When being used to 3D print structures like bridges and houses, cement needs to be able to sustain the weight of the layers being extruded on top of it. Additionally, in order to be delivered through a pumping system, 3D printable cementitious materials need to have special rheological performance properties, such as plastic viscosity and yield stress, that can help determine their pumpability and buildability.
There’s been plenty of research conducted that looks into the relationship between a cementitious material’s rheological performance and how pumpable and buildable it is, a lot of which has determined that it’s important to optimize these properties in order to satisfy pumpability and buildability requirements.

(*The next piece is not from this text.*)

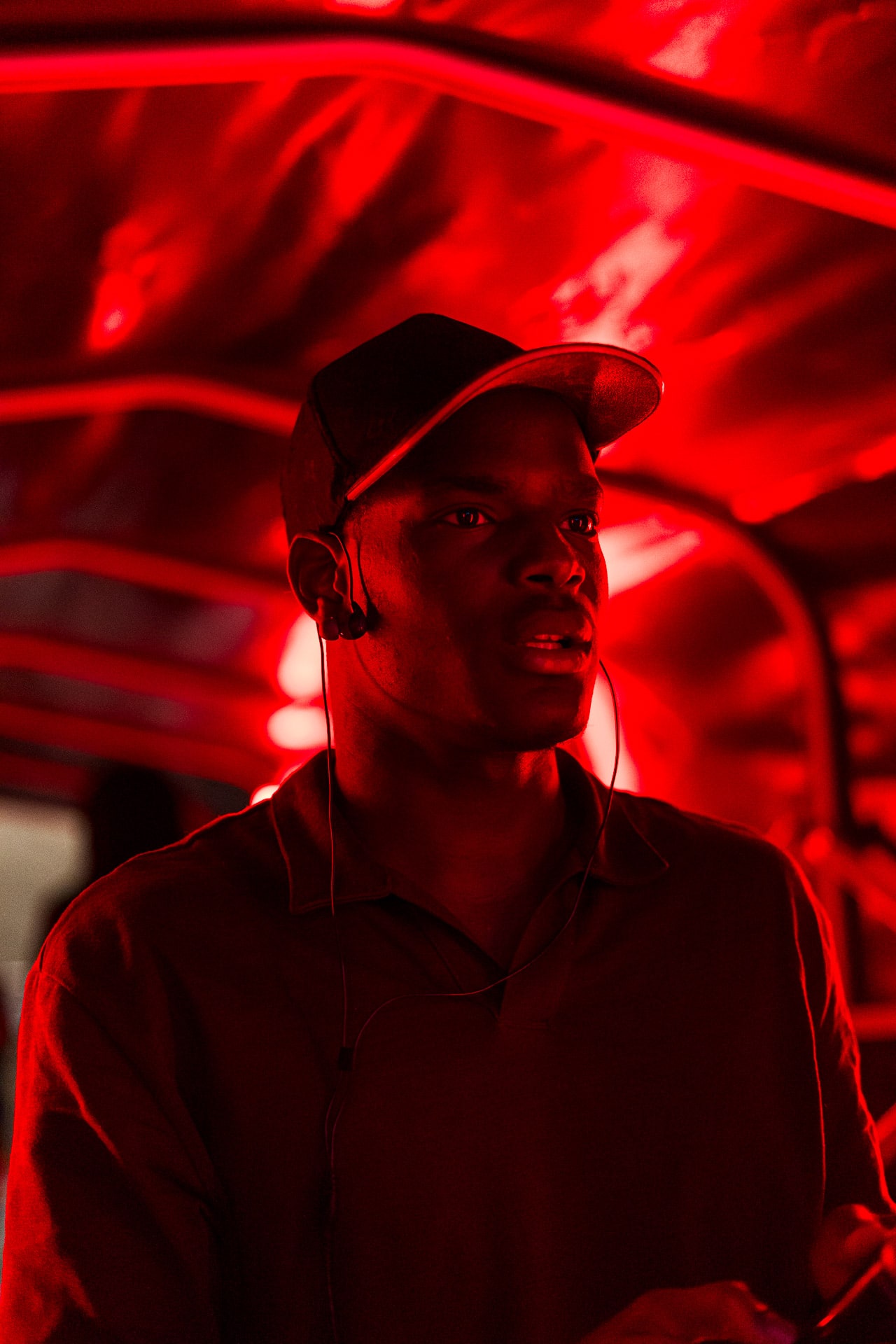 Portrait rouge intense en coulisses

According to new research from Nanyang Technological University (NTU) in Singapore, a variety of different aspects, like particle size gradation, chemical additive, and materials constituents, can affect a cementitious material’s rheological properties. Cementitious composite materials reinforced with fiber are often used to prevent cracks and increase tensile properties, which is why the NTU research team believes that a kind of 3D printable fiber reinforced cementitious composites (3DPFRCC) should be created, based on rheological performance, for large-scale 3D printing.

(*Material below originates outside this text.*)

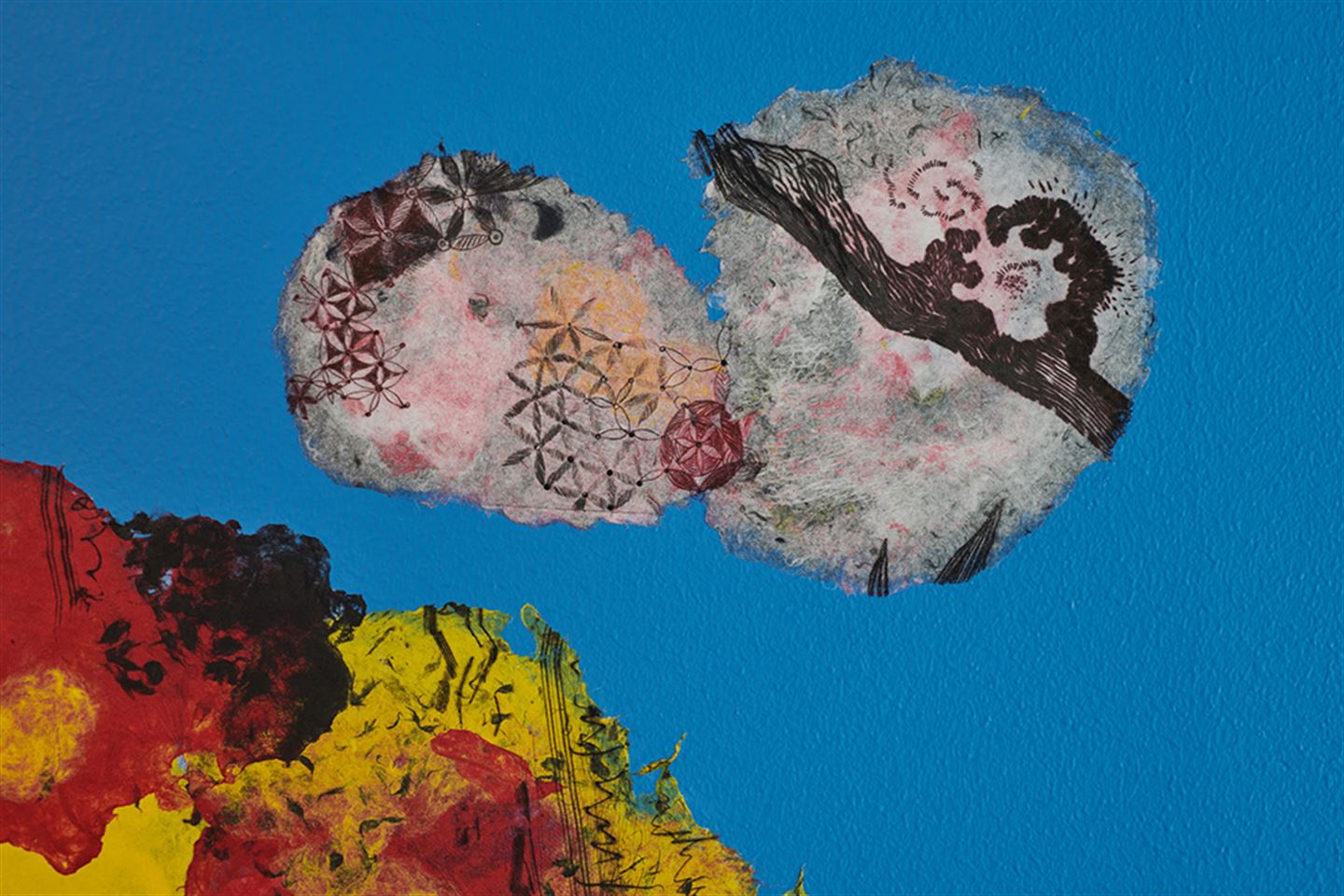 Kunstverket Med vind på Åsane vidaregåande skule.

In their paper, titled “3D printable high performance fiber reinforced cementitious composites for large-scale printing,” the NTU researchers explain how they developed a novel mixture of 3DPFRCC, which featured rheological properties “characterized by yield stress and plastic viscosity.”
The abstract reads, “3D printing cementitious composites require special rheological properties, which are affected significantly by the materials constituents. In this work, a novel mixture of 3D printable fiber reinforced cementitious composites (3DPFRCC) was developed. The rheological performance, setting-time, and mechanical properties were characterized, a printing test was carried out as well to test the buildability and pumpability. Results indicate that the new material possesses appropriate rheological and mechanical performances. Rheological properties are designed based on previous practical printing test. The static and dynamic yield stress are 3289 Pa and 314.7 Pa, respectively. The plasticity viscosity is 32.5 Pa·s. The initial setting time is 59.2 minutes. The flexural strength and compressive strength are 8.6 MPa and 71.2 MPa, respectively at 28 days. Then, a 78 × 60 × 90 cm (L × W × H) structure was printed successfully in 150 minutes, which demonstrates that this novel 3DPFRCC possesses excellent buildability and pumpability, which is capable of large-scale printing.”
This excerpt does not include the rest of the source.